For bulls, the key level to watch is 203.12 (Murray [5/8], 61.8% Fib) — a breakout above it would indicate renewed bullish strength, opening the path to 234.38 (Murray [7/8]), 250.00 (Murray [8/8]), and potentially 265.62 (Murray [+1/8]), the upper boundary of the channel.



Technical Analysis
• Bollinger Bands: Pointing downward — confirming bearish momentum.
• MACD: Stable in the negative zone — selling pressure remains dominant.
• Stochastic: Flattening after recovery — showing a pause in momentum.
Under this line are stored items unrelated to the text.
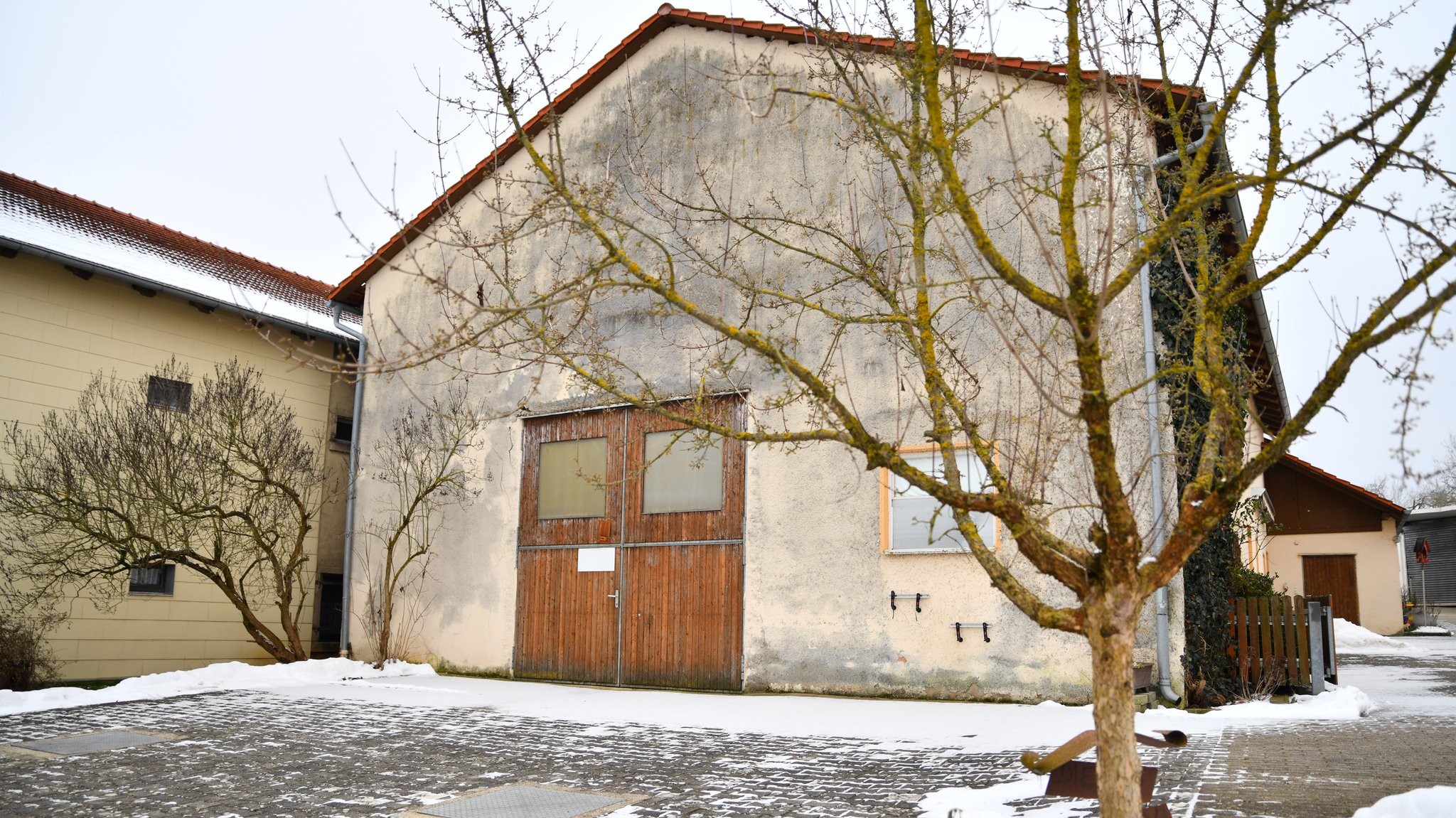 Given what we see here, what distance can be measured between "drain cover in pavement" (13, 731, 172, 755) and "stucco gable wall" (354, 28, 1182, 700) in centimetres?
356

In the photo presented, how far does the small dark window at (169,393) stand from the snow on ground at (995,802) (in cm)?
1261

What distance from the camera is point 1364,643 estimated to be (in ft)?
68.8

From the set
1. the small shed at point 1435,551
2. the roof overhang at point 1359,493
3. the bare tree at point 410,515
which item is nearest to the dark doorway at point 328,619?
the bare tree at point 410,515

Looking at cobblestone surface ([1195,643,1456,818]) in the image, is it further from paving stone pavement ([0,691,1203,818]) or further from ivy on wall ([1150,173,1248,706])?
ivy on wall ([1150,173,1248,706])

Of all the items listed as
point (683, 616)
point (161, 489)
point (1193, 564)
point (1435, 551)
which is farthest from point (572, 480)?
point (1435, 551)

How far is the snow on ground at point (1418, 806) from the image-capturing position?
3.61 m

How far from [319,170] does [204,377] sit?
37.9 feet

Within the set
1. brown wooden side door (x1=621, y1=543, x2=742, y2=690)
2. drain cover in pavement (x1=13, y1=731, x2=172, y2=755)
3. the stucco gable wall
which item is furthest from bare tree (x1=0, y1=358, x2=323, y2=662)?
drain cover in pavement (x1=13, y1=731, x2=172, y2=755)

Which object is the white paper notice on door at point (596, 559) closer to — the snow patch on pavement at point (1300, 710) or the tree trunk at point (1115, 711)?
the snow patch on pavement at point (1300, 710)

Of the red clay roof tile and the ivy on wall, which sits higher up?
the red clay roof tile

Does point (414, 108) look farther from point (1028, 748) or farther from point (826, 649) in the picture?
point (826, 649)

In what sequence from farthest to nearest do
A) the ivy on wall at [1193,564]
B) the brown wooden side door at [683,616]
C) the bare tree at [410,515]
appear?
the bare tree at [410,515]
the brown wooden side door at [683,616]
the ivy on wall at [1193,564]

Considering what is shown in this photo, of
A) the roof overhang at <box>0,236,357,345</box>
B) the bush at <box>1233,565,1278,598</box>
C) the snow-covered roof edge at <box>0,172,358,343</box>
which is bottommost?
the bush at <box>1233,565,1278,598</box>

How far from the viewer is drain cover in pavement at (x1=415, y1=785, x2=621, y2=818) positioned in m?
4.82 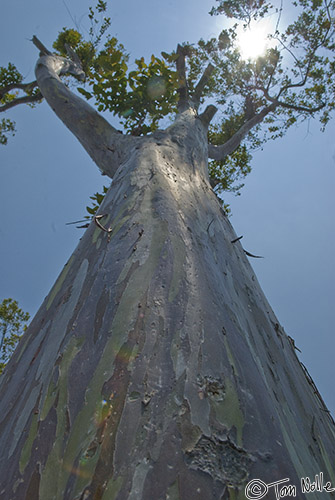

On the weekly chart, price action is attempting to break below the midline of the Bollinger Bands, which would confirm a medium-term correction phase if realized.



Trading Plan

📉 Sell Setup
• Entry: 183.75
• Targets: 165.70 → 140.62
• Stop-Loss: 197.00
• Time Horizon: 5–7 days

📈 Buy Setup (Breakout Scenario)
• Entry: 203.15
• Targets: 234.38 → 250.00 → 265.62
• Stop-Loss: 187.00



Key Levels

Support: 183.80 · 165.70 · 140.62
Resistance: 203.12 · 234.38 · 250.00 · 265.62



💬 Solana is at a critical point within its long-term uptrend. A daily close below 183.80 could confirm a deeper correction, while a breakout above 203.12 would revive bullish sentiment and signal a return toward the upper channel levels.